Volgens art. 6:106 BW heeft de benadeelde in geval van nadeel dat niet in vermogensschade bestaat, recht op een naar billijkheid vast te stellen schadevergoeding indien de aansprakelijke persoon het oogmerk had zodanig nadeel toe te brengen of indien de benadeelde in zijn eer of goede naam is geschaad of op andere wijze in zijn persoon is aangetast. Uit de zinsnede: "een naar billijkheid vast te stellen schadevergoeding" en uit het in de conclusie van de Advocaat-Generaal Hartkamp onder 6 geciteerde gedeelte van de memorie van antwoord bij genoemde bepaling volgt dat de rechter die op de voet van deze bepaling schadevergoeding toekent, een discretionaire bevoegdheid heeft met betrekking tot het bepalen van de omvang van die schadevergoeding.

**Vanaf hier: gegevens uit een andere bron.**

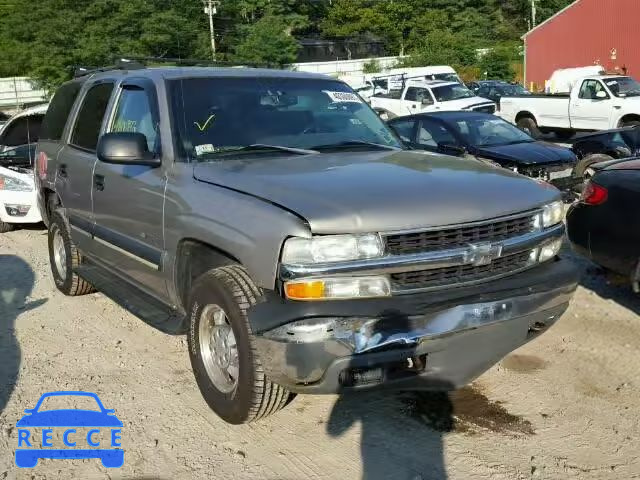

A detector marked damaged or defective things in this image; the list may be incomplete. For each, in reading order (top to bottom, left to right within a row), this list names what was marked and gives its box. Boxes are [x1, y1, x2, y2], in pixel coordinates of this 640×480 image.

De rechter mag met alle omstandigheden van het geval rekening houden bij de begroting van de schade en hij heeft de bevoegdheid om, indien hij daartoe gronden aanwezig oordeelt, geen schadevergoeding toe te kennen.
3.7 Het onderdeel faalt. De daardoor bestreden overwegingen van het Hof geven, tegen de achtergrond van hetgeen hiervoor onder 3.6 is overwogen, niet blijk van een onjuiste rechtsopvatting. 's Hofs oordeel dat in de door het Hof vermelde omstandigheden geen gronden van billijkheid aanwezig zijn om enige geldelijke vergoeding toe te kennen is ook niet onbegrijpelijk en behoefde geen nadere motivering. Voor zover het onderdeel ervan uitgaat dat het Hof heeft geoordeeld dat er eerst recht op vergoeding van immateriële schade bestaat indien daartoe gronden van billijkheid bestaan, kan het bij gebrek aan feitelijke grondslag niet tot cassatie leiden.

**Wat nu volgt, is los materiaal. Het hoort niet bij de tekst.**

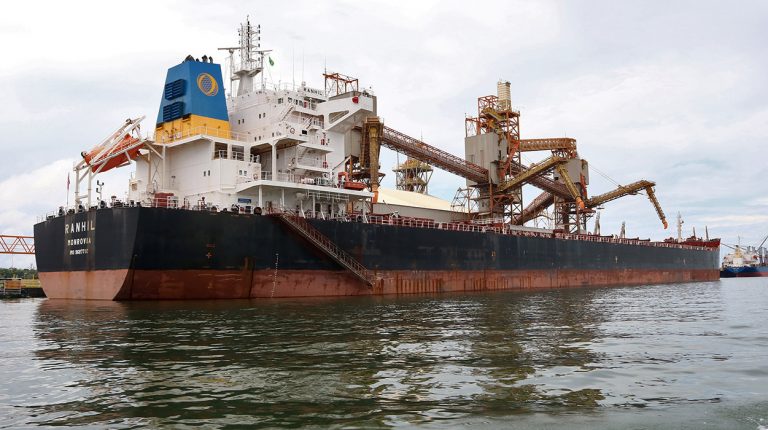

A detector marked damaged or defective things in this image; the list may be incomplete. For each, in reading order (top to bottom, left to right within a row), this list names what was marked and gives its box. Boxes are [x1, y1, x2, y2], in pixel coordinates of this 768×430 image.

3.8 De onderdelen 2.1.b en 2.1.c kunnen niet tot cassatie leiden. Zulks behoeft, gezien art. 101a RO, geen nadere motivering nu de onderdelen niet nopen tot beantwoording van rechtsvragen in het belang van de rechtseenheid of de rechtsontwikkeling.
4. Beslissing
De Hoge Raad:
verwerpt het beroep;
compenseert de kosten van het geding in cassatie aldus dat iedere partij de eigen kosten draagt.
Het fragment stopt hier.